To that end, the ports of Los Angeles and Long Beach in March began cooperating under the auspices of the Federal Maritime Commission, bringing together the various stakeholders (shippers, port owners, unions, terminal operators, carriers, etc.) in an effort to gain supply chain efficiencies.
Sanfield said two major rail lines are investing hundreds of millions of dollars on infrastructure to service the port of Los Angeles, and the port itself plans to spend billions over the next few years on infrastructure and technology to accommodate more traffic and larger vessels. Examples include an Uber-like app that can get truckers in and out quicker, and a “peel off” program that moves offloaded cargo from mega ships by truck to an off-dock location for sorting and hauling.

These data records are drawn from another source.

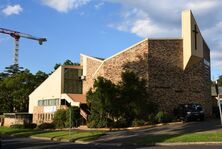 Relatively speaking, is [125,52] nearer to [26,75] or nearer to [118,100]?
[118,100]

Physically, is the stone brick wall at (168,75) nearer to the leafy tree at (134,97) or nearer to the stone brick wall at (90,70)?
the leafy tree at (134,97)

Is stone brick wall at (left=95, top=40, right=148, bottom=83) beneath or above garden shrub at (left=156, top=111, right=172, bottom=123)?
above

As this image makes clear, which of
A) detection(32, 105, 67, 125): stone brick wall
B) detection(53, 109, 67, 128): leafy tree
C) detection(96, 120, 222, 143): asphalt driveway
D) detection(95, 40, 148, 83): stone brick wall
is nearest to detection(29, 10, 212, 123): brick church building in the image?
detection(95, 40, 148, 83): stone brick wall

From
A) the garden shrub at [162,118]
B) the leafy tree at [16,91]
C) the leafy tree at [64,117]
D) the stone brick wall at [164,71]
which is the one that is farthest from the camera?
the leafy tree at [16,91]

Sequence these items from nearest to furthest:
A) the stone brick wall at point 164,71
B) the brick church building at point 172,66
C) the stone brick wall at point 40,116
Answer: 1. the stone brick wall at point 164,71
2. the brick church building at point 172,66
3. the stone brick wall at point 40,116

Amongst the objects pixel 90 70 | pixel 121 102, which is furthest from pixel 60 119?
pixel 121 102

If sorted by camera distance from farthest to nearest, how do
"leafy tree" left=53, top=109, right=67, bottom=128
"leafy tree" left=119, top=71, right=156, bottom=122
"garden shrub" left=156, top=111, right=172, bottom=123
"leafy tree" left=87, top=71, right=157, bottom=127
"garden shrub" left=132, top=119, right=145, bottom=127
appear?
"leafy tree" left=53, top=109, right=67, bottom=128, "leafy tree" left=119, top=71, right=156, bottom=122, "leafy tree" left=87, top=71, right=157, bottom=127, "garden shrub" left=156, top=111, right=172, bottom=123, "garden shrub" left=132, top=119, right=145, bottom=127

“At the end of the day, the ports here have unparalleled infrastructure, and the advantage of time with goods coming through from Asia here cheaper and faster,” he said. “But we have to make sure we’re 100% on our game, especially as we face competition not only from the East coast but Canada to the north as well as Mexico terminals.”
Jonathan Gold, vice president of supply chain and customs policy at the NRF, said while he is encouraged by effort being made at the West coast ports – including the supply chain working group, which NRF participates in – congestion issues remain.
“These issues aren’t specific to just LA and Long Beach; Oakland has its own issues to dig out of, as well as Seattle/Tacoma and other places,” Gold said. “The ports are working to repair the reputational harm done throughout that yearlong process. But a lot of companies are adopting a wait and see approach before shifting more cargo back there. I don’t think we’ll see a full shift for a little while still.”
Seeing these ongoing issues, the U.S. Maritime Alliance, representing East and Gulf coast port owners, and the International Longshoreman’s Union are in talks to extend a contract due to expire in 2018 through 2025, providing relative stability and attracting more business.
“I thought that was a genius move on their part,” Moyer said of the labor talks. “They’ve picked up business, and they know they’ll lose some of that, but it’s a preemptive move to keep more of it from shifting back west. I’ve heard anecdotally that some of those (East and Gulf ports) are giving good rates to retain that business, although I don’t know how long that will last.”